Entrevista:O Estado inteligente

quarta-feira, março 14, 2007

Celso Ming - A bolha mete medo




O Estado de S. Paulo
14/3/2007

Os mercados tiveram ontem mais um dia daqueles. A Bolsa de Nova York arriou quase 2%, uma enormidade para os padrões de lá.

O espantalho da hora é o segmento subprime do mercado hipotecário americano, faixa de crédito imobiliário destinada a mutuários com duvidosa ficha cadastral. É um crédito de risco, mais caro e propenso ao calote. São ativos de mais de US$ 1 trilhão.

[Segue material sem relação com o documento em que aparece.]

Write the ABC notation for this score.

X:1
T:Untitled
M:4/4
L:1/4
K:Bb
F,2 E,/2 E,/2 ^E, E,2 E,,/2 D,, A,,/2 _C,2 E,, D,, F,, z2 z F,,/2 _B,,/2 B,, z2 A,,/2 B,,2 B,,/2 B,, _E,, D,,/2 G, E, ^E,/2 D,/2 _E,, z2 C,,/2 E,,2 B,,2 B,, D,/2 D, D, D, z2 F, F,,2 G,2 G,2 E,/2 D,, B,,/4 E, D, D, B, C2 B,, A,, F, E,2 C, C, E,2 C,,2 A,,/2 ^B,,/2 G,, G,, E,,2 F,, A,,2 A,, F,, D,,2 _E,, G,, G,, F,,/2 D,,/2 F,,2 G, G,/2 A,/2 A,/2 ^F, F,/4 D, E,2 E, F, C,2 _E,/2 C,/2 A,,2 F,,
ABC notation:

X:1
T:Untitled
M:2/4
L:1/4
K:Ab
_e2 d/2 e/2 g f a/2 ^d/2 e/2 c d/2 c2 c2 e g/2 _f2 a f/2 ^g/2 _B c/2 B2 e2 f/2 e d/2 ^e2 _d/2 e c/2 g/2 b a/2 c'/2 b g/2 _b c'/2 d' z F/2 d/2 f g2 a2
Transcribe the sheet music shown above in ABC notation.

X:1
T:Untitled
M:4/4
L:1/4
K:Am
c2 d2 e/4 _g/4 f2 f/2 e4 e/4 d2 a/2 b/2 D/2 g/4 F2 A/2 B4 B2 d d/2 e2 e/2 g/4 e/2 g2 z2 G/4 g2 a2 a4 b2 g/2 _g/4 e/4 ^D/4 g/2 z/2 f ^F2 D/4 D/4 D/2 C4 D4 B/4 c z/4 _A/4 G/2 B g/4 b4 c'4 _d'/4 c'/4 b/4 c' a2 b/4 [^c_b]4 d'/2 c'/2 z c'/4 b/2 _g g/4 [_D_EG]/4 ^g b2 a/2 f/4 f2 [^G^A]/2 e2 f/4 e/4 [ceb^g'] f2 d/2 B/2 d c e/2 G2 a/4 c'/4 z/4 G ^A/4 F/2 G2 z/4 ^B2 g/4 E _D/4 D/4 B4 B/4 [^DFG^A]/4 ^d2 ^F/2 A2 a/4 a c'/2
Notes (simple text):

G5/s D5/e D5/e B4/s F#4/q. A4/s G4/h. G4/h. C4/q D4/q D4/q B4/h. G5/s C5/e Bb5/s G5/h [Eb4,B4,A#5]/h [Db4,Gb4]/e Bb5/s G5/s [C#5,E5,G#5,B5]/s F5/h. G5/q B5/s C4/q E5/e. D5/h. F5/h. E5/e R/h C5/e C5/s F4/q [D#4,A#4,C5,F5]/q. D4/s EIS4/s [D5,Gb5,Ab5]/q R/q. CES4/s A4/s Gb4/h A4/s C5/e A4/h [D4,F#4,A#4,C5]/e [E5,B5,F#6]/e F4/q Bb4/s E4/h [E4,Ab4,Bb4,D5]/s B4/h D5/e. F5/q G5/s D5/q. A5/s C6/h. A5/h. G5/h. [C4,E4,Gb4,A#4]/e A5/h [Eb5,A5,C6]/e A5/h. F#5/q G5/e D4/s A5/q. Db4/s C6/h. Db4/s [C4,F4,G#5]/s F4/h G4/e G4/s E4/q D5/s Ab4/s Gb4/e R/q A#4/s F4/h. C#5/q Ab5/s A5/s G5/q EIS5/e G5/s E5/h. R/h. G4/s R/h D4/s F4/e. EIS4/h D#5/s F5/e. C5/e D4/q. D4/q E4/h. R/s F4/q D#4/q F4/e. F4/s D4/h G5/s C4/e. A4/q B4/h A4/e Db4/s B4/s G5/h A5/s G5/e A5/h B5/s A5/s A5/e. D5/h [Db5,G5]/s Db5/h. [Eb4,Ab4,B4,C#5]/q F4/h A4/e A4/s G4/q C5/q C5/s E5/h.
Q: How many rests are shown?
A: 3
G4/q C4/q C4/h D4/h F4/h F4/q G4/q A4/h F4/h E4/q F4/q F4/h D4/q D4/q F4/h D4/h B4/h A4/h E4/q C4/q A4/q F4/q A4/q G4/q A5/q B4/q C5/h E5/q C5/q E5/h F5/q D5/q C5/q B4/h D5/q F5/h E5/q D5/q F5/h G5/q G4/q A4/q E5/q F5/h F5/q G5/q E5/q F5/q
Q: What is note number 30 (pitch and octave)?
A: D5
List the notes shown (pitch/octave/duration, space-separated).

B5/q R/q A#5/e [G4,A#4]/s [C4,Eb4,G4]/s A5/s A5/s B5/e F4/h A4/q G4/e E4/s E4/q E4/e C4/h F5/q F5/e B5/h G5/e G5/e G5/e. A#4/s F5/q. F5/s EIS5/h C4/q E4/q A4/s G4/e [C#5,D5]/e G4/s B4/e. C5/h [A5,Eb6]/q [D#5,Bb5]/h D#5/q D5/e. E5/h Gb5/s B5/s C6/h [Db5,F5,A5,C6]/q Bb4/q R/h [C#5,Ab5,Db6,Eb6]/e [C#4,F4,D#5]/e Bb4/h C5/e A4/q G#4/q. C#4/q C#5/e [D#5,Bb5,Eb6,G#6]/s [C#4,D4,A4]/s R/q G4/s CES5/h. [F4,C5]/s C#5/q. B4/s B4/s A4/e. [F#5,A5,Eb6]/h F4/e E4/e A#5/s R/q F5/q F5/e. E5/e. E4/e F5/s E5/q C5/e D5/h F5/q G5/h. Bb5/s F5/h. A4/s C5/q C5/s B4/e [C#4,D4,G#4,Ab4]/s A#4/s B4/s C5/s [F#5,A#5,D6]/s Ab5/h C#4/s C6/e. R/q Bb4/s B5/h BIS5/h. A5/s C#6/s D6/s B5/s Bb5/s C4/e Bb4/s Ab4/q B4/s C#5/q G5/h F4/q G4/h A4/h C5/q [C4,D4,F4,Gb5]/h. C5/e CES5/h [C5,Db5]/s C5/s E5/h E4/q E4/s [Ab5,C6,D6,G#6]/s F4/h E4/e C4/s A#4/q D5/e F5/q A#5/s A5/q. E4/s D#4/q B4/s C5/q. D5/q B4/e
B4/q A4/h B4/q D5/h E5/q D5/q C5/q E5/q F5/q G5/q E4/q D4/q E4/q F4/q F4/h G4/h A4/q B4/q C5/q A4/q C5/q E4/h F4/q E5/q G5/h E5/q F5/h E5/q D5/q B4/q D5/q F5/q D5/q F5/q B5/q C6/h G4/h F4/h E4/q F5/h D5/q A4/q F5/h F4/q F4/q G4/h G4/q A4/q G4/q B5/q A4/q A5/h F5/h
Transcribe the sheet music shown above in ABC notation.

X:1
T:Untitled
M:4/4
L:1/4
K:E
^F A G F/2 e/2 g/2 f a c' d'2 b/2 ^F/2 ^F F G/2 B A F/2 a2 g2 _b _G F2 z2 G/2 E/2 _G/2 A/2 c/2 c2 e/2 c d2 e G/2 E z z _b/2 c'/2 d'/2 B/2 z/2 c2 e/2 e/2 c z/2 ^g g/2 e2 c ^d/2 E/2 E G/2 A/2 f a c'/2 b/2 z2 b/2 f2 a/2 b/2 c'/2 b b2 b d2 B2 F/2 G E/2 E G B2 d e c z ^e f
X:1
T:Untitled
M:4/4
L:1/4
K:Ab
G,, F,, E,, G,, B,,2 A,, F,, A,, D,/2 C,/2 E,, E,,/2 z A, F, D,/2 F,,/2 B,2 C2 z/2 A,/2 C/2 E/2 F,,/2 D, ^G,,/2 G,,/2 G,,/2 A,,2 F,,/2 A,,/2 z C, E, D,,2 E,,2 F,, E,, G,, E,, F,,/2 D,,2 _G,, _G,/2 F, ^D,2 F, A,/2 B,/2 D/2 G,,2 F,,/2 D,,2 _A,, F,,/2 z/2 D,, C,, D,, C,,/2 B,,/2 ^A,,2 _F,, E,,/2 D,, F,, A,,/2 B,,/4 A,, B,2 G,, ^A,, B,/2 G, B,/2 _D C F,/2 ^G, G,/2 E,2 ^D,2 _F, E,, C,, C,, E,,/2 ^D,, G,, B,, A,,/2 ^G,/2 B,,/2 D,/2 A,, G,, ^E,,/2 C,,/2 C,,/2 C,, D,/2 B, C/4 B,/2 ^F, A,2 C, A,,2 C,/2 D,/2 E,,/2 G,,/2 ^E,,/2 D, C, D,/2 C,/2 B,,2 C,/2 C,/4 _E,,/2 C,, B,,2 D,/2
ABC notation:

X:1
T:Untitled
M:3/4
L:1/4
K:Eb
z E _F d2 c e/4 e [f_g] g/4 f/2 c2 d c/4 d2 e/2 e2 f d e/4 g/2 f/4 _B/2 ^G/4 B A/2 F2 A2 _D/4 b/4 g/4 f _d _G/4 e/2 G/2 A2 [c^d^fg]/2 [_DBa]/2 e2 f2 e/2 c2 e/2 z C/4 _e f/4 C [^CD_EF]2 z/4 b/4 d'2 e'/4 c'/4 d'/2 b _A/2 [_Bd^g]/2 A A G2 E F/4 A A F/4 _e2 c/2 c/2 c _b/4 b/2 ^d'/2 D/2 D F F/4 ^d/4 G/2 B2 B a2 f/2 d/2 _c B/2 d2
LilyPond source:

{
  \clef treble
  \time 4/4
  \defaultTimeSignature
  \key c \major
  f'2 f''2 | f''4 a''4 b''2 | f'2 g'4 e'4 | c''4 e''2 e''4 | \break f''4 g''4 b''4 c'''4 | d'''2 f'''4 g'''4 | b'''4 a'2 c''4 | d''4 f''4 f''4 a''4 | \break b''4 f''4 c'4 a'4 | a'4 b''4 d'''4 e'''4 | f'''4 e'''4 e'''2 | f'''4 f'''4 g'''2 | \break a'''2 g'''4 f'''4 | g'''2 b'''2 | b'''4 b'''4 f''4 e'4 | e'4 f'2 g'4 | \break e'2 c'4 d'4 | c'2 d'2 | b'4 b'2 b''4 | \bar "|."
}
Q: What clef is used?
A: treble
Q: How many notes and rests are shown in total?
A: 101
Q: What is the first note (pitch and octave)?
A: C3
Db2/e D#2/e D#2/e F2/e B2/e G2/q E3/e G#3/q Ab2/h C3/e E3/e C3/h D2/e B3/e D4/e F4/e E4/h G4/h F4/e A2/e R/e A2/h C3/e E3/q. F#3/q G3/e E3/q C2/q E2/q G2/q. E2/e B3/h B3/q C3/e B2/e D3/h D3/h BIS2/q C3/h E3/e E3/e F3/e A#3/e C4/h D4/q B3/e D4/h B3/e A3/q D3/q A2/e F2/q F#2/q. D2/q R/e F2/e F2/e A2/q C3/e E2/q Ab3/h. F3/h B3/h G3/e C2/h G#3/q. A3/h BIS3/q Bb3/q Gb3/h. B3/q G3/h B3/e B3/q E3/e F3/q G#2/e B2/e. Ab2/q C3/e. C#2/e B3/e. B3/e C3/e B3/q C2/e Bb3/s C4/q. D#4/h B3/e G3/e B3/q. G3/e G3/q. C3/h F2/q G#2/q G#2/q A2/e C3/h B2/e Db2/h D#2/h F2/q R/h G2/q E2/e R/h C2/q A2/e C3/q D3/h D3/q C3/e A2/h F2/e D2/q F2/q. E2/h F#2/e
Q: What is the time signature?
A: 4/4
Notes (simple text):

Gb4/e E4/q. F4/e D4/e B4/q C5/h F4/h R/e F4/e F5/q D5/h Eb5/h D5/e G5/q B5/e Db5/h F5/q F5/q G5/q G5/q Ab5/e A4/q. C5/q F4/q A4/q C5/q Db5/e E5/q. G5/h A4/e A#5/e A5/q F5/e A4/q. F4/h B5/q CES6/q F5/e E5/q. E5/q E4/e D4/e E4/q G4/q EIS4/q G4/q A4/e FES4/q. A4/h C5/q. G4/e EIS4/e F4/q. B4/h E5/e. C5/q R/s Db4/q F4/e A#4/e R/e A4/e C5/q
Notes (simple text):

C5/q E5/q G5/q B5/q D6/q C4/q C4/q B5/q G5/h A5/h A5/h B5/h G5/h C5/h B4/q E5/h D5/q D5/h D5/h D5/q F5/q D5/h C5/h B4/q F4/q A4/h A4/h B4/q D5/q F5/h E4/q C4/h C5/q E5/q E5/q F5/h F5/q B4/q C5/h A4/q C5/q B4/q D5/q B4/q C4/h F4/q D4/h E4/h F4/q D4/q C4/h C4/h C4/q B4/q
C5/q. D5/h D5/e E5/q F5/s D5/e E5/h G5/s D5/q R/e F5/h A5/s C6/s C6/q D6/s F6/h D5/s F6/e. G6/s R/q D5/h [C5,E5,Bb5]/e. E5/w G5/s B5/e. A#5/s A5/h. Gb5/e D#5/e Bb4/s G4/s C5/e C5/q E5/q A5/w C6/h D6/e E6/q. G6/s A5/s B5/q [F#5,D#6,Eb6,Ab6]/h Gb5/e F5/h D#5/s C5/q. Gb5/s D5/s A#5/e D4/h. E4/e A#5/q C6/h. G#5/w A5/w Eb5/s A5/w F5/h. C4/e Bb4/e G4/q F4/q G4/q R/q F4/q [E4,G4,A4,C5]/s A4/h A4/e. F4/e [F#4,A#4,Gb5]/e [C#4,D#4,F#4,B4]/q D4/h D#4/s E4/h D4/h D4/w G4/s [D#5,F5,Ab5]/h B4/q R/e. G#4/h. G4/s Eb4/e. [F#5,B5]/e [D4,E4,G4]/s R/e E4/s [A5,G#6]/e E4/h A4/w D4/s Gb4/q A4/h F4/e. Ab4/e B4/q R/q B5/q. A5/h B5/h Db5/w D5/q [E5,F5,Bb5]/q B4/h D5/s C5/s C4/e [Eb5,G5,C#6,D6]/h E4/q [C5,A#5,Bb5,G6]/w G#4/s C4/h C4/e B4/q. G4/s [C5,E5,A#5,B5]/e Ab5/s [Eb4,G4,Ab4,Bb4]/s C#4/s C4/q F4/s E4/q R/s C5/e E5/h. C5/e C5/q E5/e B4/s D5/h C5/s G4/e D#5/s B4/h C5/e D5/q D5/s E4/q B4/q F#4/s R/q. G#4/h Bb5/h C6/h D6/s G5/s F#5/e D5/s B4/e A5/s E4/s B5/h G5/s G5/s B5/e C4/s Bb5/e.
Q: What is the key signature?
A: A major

Há alguns anos vem tomando corpo a tal bolha imobiliária. O crédito farto de 2002 até agora provocou uma onda de construções e de alta dos imóveis. Os mais valorizados serviram de garantia para novos empréstimos hipotecários, muitos deles canalizados para o consumo.

Desde dezembro pipocam no mercado americano dificuldades financeiras de companhias hipotecárias que enfrentam inadimplência com clientes incapazes de honrar suas prestações mensais. Nesta semana, a New Century Financial Corporation, a segunda maior companhia de crédito hipotecário à faixa subprime nos Estados Unidos, reconheceu que não consegue honrar seus compromissos junto à rede bancária. A Accredited Home Lenders anunciou que está renegociando seu passivo.

A questão de fundo já foi analisada nesta coluna. É a enorme liquidez que persiste nos mercados financeiros globais. Nos últimos cinco anos, os bancos centrais dos países ricos bombaram dinheiro vivo nos mercados porque tiveram pouca inflação a combater. Ela ficou baixa por duas razões. Primeira, pelo efeito China, que empurrou para o consumo mercadorias cada vez mais baratas. E, segunda, pelo largo uso de Tecnologia da Informação, que derrubou mundo afora os custos de produção. Assim, a inflação rastejante pediu juros baixos (dinheiro à vontade).

Enfim, há mais dinheiro do que ativos seguros em que aplicá-lo. Os bancos centrais dos países emergentes passaram a juntar reservas e a aplicar as sobras do seu mercado de câmbio em títulos dos Tesouro dos países ricos. Só a China tem mais de US$ 1 trilhão, enquanto a dívida líquida dos Estados Unidos é de US$ 4,4 trilhões. Ou seja, passaram a faltar ativos de grande segurança (triple A) para a vasta demanda. Esta é a principal razão pela qual os juros de longo prazo estão se arrastando ao redor dos 4,5% ao ano enquanto a inflação americana está acima dos 2,0% ao ano.

A baixa oferta de ativos de primeira linha e o baixo retorno propiciado vai atirando os investidores ao risco, onde se multiplicam as surpresas, como as que agora surgem na área dos subprime.

Há quem fareje ajustes telúricos da economia mundial, com derrubada das cotações do dólar (em relação às outras moedas e ao ouro), das bolsas e tal. O problema é que não há para onde ir. Queda do dólar significaria abandono das posições em dólares. Mas, se o capital financeiro sair do dólar, para onde irá? Paradoxalmente, à toda corrida para a segurança, é no dólar que se refugia.

Essas turbulências são recorrentes e seguirão assim. Até que os mercados se acostumem com as condições que estão aí.